One of these is Danny Seeton, a Parallel 49 brewer and nationally-certified beer judge, leading the conversation among a loose semi-circle of a half-dozen other men, sporting a sizeable BCJP badge on his shirt.

 “Are you ready for this?” I ask him.

“I was born ready,” he says.

Our mission is simple: Everyone is paired up and given a dozen blind tasting samples of beers in a single category to evaluate and award a score to out of 50, based on aroma, appearance, flavour, mouthfeel and overall impression. There are several pairings evaluating beers in each category. The best of these beers compete for the best in that category, where one judge from every pairing chooses the winner.  At the end of the day, the winning beers from all categories compete for the Best in Show.

“This is not as fun as it sounds,” Ben Coli, Dageraad’s head brewer and owner, says to me. “It gets exhausting after awhile, tasting and pulling all the beers apart.”

I’m paired up with Danny and assigned to amber and dark lagers, a style of category that, naturally, has to include Marzen and Altbier.

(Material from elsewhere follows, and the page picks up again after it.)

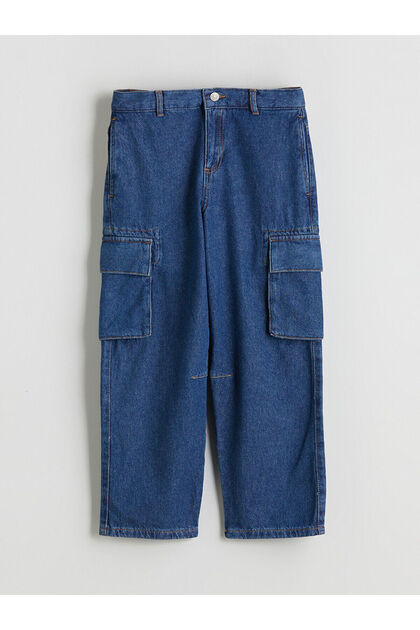 Indigo Loose Fit Boys' Cargo Jeans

There are six tables for judging, each table is topped with growlers full of water, score sheets more nuanced than blood work charts, and several copies of the BCJP guidelines handbook, which is 80 pages thick and breaks down every beer style in minute detail. 

10am-ish

It begins. Everyone’s dipping their noses in their tiny plastic cups, swirling them about, holding them up to the light. The score sheet has a list of aromas that I’m taking for suggestions. Does it smell toasty or roasty? What’s the difference? Am I supposed to even smell anything? Because I don’t. Is it the beer that’s faulty, or am I cursed with a lousy nasal cavity?

Some of the judges are burying their noses in the crooks of their arms, which looks like some bizarre cultic rite, but I’m told is actually a way to recalibrate their sense of smell. I give it a shot. I can’t tell the difference.

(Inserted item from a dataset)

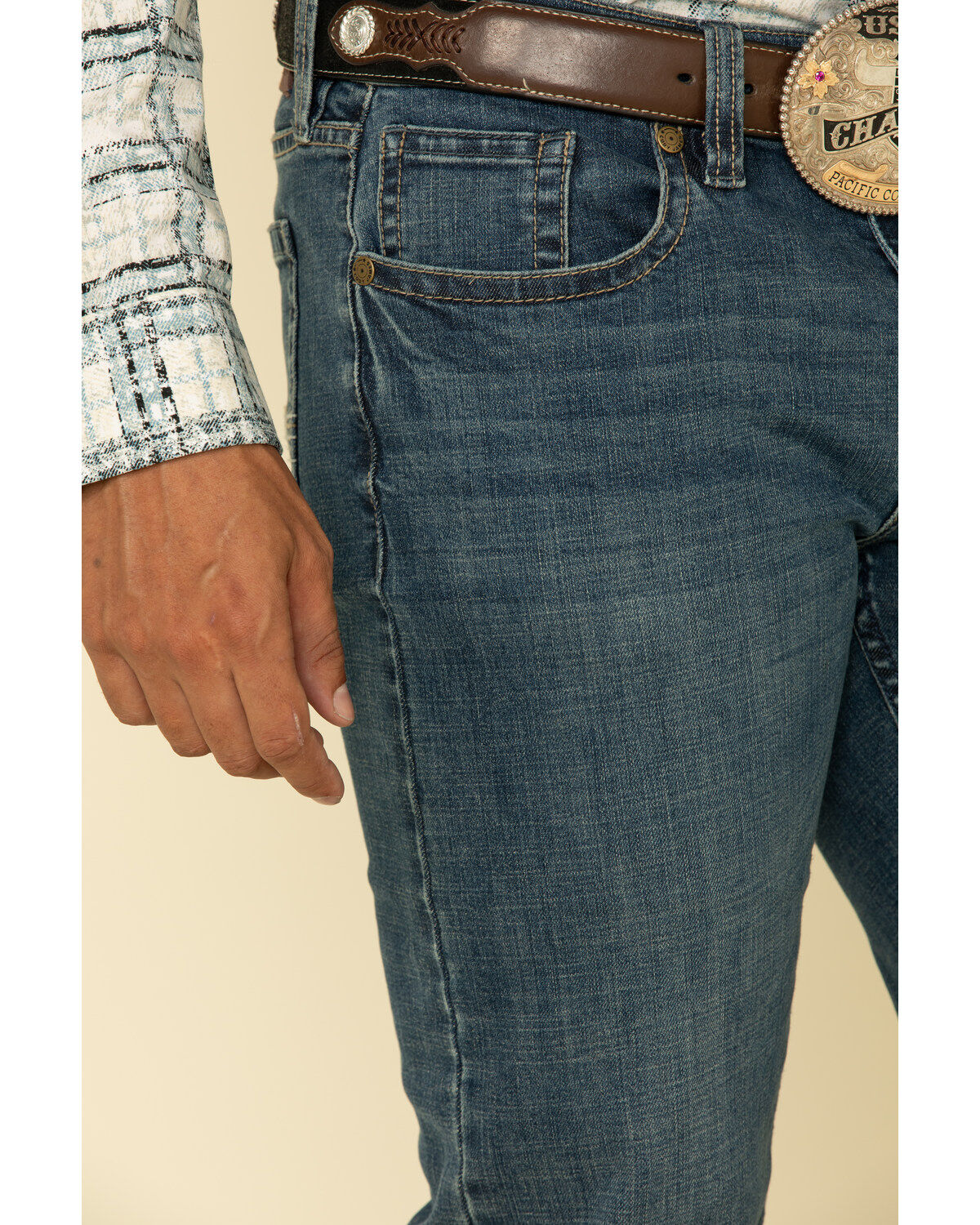 Image #4 - Cody James Men's High Roller Stackable Stretch Straight Medium Wash Jeans, Blue, hi-res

Danny’s describing our beers with words that I’m worried I’ll need a brewmaster’s diploma or PhD in linguistics to decipher.

Noon-ish

My palate and sense of smell have adjusted to the evaluating process. It’s fascinating to actually feel how the brain adjusts in a new context like this, in witnessing the subtle changes in how I perceive taste. It’s immediate, automatic.

It turns out that, while I don’t have the language to adequately describe beer in the way that Danny does, I can accurately evaluate these beers based on their technical elements. It’s like critiquing any creative product – music, film, food – it’s equal parts sensing and intellectualizing that sensation. Danny and I are consistently within one to three points apart from each other on every beer.

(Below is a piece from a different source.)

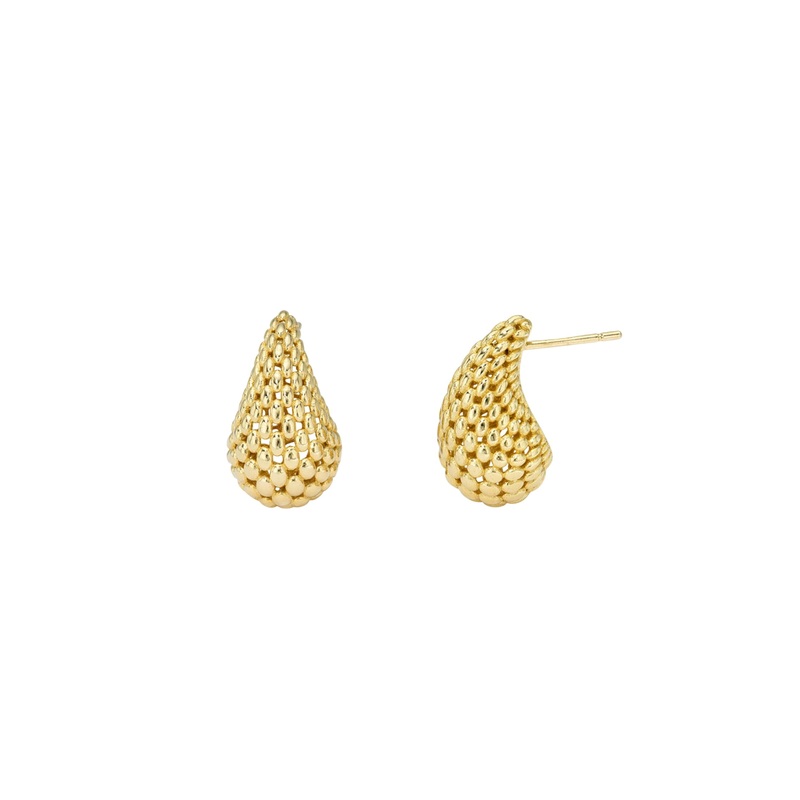 14k Gold Woven Teardrop Stud Earrings 14K Yellow Gold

 “Of course we are,” he says. “This isn’t complicated. It’s fucking beer.”

3pm-ish

Judging American pale ales. Fatigued. Grumpy, following a run of terrible entries. I’m told there are way fewer lousy entries this year over last, which is fine, but doesn’t suppress my grumpiness any. Nor has it helped lift the energy in the area. Our numbers are dwindling and the warehouse area stark, almost-haunted quality of a high school exam room.

There’s grumbling abound, which makes sense.  Ben was right. Judging is exhausting work – breaking down and intellectualizing every element of every single beer, a dozen at a time. Critiquing beer is a rigorous exercise in deconstructing its magic, eroding its mystery. What makes beer good? What makes it bad? It’s almost scientific, which is good – it means the beer is evaluated efficiently, stripped of bias – but it’s void of any romance. 

And beer for me, for better or worse, is romantic.

Someone says, “It’s like a ferret crapped on my tongue!”

5pm-ish

Best in Show competition is imminent. The dozen or so judges left seem dazed, exhausted, hungry. Or I’m projecting my own state on them. I guess it doesn’t matter.

The competition coordinator says to me, “Do you want to do Best of Show?”

“Not particularly.”

“Do you want to stay and watch then?”

“I can do that.”

I don’t, though. I duck out French exit style, but not before making a trip to the toilet in which, I’m relieved to report, everything appears normal.

 

The BC Beer Awards will be held on Oct. 24 at the Croatian Cultural Centre. Tickets are sold out, but there is a waitlist, if you’re keen.